> [Provided information]
= = =

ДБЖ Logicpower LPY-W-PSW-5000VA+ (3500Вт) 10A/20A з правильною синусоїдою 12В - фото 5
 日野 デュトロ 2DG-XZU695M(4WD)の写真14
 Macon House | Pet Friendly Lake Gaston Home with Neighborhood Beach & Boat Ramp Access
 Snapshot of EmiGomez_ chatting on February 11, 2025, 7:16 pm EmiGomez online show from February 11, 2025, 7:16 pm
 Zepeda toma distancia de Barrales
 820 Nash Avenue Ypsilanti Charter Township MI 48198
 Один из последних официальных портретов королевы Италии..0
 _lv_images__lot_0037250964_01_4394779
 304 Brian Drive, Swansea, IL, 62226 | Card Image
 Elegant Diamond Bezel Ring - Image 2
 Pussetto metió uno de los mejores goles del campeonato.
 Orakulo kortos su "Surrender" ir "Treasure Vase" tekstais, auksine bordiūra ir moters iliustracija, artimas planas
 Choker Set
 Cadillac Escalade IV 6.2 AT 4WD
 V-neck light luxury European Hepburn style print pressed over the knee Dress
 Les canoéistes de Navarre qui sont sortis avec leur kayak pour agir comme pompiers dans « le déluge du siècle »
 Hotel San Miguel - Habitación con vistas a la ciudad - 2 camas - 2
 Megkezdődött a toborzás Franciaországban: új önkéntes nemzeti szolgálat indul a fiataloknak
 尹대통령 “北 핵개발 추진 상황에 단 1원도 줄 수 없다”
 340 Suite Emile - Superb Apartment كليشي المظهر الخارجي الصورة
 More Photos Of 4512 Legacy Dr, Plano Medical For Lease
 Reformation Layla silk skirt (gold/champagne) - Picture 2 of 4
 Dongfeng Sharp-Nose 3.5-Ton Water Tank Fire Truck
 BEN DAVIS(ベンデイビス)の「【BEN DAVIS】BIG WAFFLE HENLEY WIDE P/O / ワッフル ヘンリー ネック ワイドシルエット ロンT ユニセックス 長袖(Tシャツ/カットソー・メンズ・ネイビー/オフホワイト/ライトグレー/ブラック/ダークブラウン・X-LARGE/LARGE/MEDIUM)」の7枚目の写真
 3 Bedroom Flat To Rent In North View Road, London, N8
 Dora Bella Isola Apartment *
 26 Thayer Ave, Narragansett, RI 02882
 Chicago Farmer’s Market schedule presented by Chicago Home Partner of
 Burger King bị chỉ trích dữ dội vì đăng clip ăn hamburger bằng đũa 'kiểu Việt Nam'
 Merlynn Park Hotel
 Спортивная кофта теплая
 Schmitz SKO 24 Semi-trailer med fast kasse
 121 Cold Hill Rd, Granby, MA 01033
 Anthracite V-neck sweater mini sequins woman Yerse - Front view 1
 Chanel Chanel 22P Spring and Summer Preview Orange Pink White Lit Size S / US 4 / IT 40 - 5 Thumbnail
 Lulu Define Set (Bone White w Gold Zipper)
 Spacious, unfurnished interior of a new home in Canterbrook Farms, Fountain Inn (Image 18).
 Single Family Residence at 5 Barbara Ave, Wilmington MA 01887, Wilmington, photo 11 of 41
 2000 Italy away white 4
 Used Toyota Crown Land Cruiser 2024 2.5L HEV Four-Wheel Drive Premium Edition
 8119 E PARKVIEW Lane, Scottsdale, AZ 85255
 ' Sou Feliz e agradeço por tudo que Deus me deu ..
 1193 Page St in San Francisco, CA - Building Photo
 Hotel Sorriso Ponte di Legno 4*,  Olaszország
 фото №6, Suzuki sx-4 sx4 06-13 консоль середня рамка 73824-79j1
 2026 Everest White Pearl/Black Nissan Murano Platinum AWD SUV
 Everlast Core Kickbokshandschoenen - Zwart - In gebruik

= = =

The required output is each line from the one with "Spacious, unfurnished interior" through the end of the material above, repeated exactly with both ends included.

 Spacious, unfurnished interior of a new home in Canterbrook Farms, Fountain Inn (Image 18).
 Single Family Residence at 5 Barbara Ave, Wilmington MA 01887, Wilmington, photo 11 of 41
 2000 Italy away white 4
 Used Toyota Crown Land Cruiser 2024 2.5L HEV Four-Wheel Drive Premium Edition
 8119 E PARKVIEW Lane, Scottsdale, AZ 85255
 ' Sou Feliz e agradeço por tudo que Deus me deu ..
 1193 Page St in San Francisco, CA - Building Photo
 Hotel Sorriso Ponte di Legno 4*,  Olaszország
 фото №6, Suzuki sx-4 sx4 06-13 консоль середня рамка 73824-79j1
 2026 Everest White Pearl/Black Nissan Murano Platinum AWD SUV
 Everlast Core Kickbokshandschoenen - Zwart - In gebruik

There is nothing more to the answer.